The names of the alleged money launderers cannot be published at this stage as we have been unable to secure their side of the story, but it has been established that President Robert Mugabe and Vice President Joice Mujuru were tipped off about the criminal activities by the syndicate.
Correspondence from the Reserve Bank of Zimbabwe dated 16 May 2007 and addressed to Mujuru by the late RBZ Senior Division Chief in charge of Exchange Control, Paul Sigauke, titled “International Money Laundering Operation” indicates that the top MDC-T official formed a shelf company that was used to import fertiliser and maize from South Africa.
The document, which shows that senior police officers shuttled between the two countries during high level investigations, says the company operated in direct contact with another South African firm (name supplied) that was responsible for shipping the inputs back to Zimbabwe.
The scam basically involved raising US dollars by one of the officials (who had strong links with Msika) by selling maize to the Grain Marketing Board and subsequently depositing it in offshore accounts of conspiring partners, one of whom is a former Zanu (PF) heavyweight currently living outside the country.
The money was then transferred to a number of accounts in South Africa to buy the inputs. The fertiliser, Sigauke claimed, was tested in South Africa and passed for transmission to Zimbabwe in the full knowledge that it was bad and would not be suitable for agricultural purposes. When it got to Harare’s GMB Aspindale depot, it was tested again and found to be unsuitable, yet GMB officials proceeded to sell it to farmers.
“The imported fertiliser … failed three independent tests in Harare but was sold by GMB knowing that it would not grow maize in Zimbabwe,” reads the document. The report says RBZ financed the Harare tests on the fertiliser. The shipment of the condemned grain and fertiliser commenced in 2007, but the document does not indicate the amounts involved, even though it says the contract to ship grain to Zimbabwe was “awarded by the Reserve Bank of Zimbabwe…without Mugabe’s knowledge”.

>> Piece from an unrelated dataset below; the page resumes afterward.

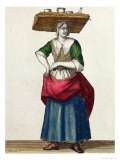 Buy The Cheese Crier, End 17th Century at AllPosters.com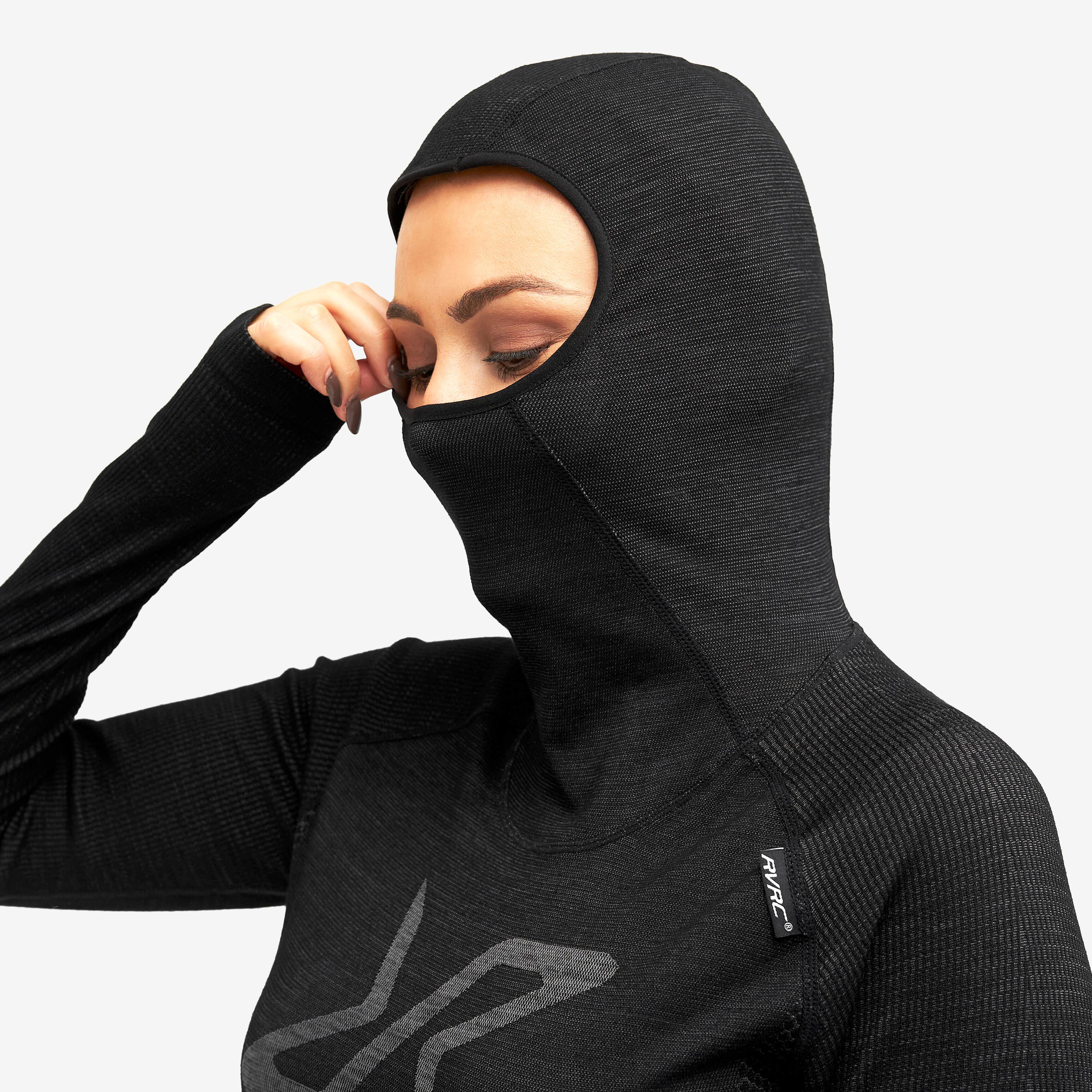 Fuse Merino Base Layer Set Femme Anthracite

RBZ officials, in communication copied to RBZ Governor, Gideon Gono, and the then State Security Minister, Nicholas Goche, warned of the corrupt fertiliser imported through the company owned by the top MDC member.
The named company banked with a leading financial institution headed by the official’s close relative.
“(The intention) was to sell this fertilizer to communal farmers who did not know that crop failure was guaranteed. I am of the opinion that it was a plot to ensure that certain parts of the population would buy this and their crops would fail,” reads Sigauke’s letter to Mujuru.
The alleged transactions happened when the country was reeling under a severe inputs shortage.
According to Sigauke, Msika approached the RBZ and convinced its management to enable his colleague, who in the mid-2000s was also named in illegal grain exportation deals to countries like Mozambique, to pay back the money he had allegedly externalised when the police net closed in on him. This was done so that the colleague would not be prosecuted.
When RBZ subsequently dispatched an investigator to South Africa to verify the quality of the fertiliser, it was discovered that there was no such factory – as had been claimed when a certificate to export was given to the company based in Tzaneen.
Instead, “the fertilizer was being mixed manually by labourers with shovels on a platform at the old railway siding on the outskirts of Tzaneen and …there were 4 piles of different blends plus bags of rose quartz finely crushed to mix in the finished blend as was noticed at GMB Aspindale”.
Mugabe recently lambasted corrupt officials in his party, but analysts say he lacks the political will to take any action.